BY IAN MCBRIDE
When women attend post-secondary institutions, most people would think they would be safe while on campus, or at least have policies in place to help protect them from sexual predators, and provide support for victims of sexual assault.
Unfortunately, a recent investigation conducted by the Toronto Star found that only nine of 78 universities across the country had a special sexual assault policy, and none of Ontario’s 24 public colleges had one in place.
However, since that investigation was done, a sexual assault policy was drafted by the colleges.
According to a Dec. 23 article in the Toronto Star, “The presidents of 24 public colleges have voted to endorse a uniform policy that provides a clear path for victims of sexual violence and clearly outlines a school’s responsibility.”
They will spend the next two months consulting with local groups before finalizing policies at each school.”
Premier Kathleen Wynne recently toured colleges and universities in Ontario, and the prevention of sexual violence on campuses was one of the main concerns she heard from student groups.
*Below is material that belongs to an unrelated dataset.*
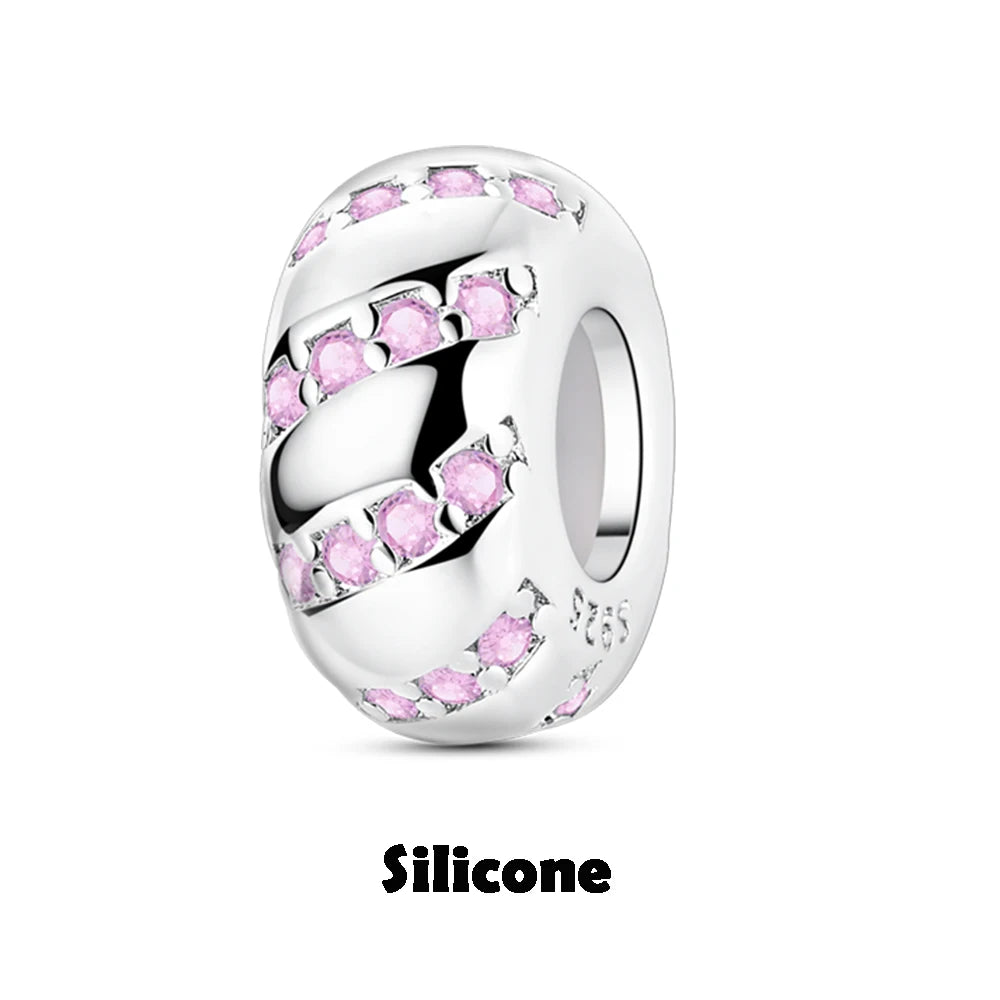 925 Sterling Silver Silicone Spacer Stopper Clip Charms Chamilia Beads Pure Ember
According to the Star article she told them, “At a very minimum I can say to you that I will expect that universities and colleges will involve their student body in a very meaningful way in the development of policies around sexual assault and sexual violence. I can hardly believe that we are still having this conversation and that there would still be students in this province who say we need to have these policies on our campuses and we need the university administration or the college administration to involve us in the policies.”
There should be greater awareness at colleges and protocols need to be established for responding to cases of sexual assault and violence. We need to protect the privacy of people who have witnessed a sexual assault or have learned about a sexual assault. Victims throughout the province should have immediate access to 24-hour emergency hotline services.
We as Canadians should band together to provide support to victims of sexual assault, and also try to put an end to sexual violence, including on post-secondary campuses, by looking out for one another and being vocal about this particular issue.
These steps are necessary to ensure the safety of women at Canadian post-secondary institutions.
The views herein represent the position of the newspaper, not necessarily the author.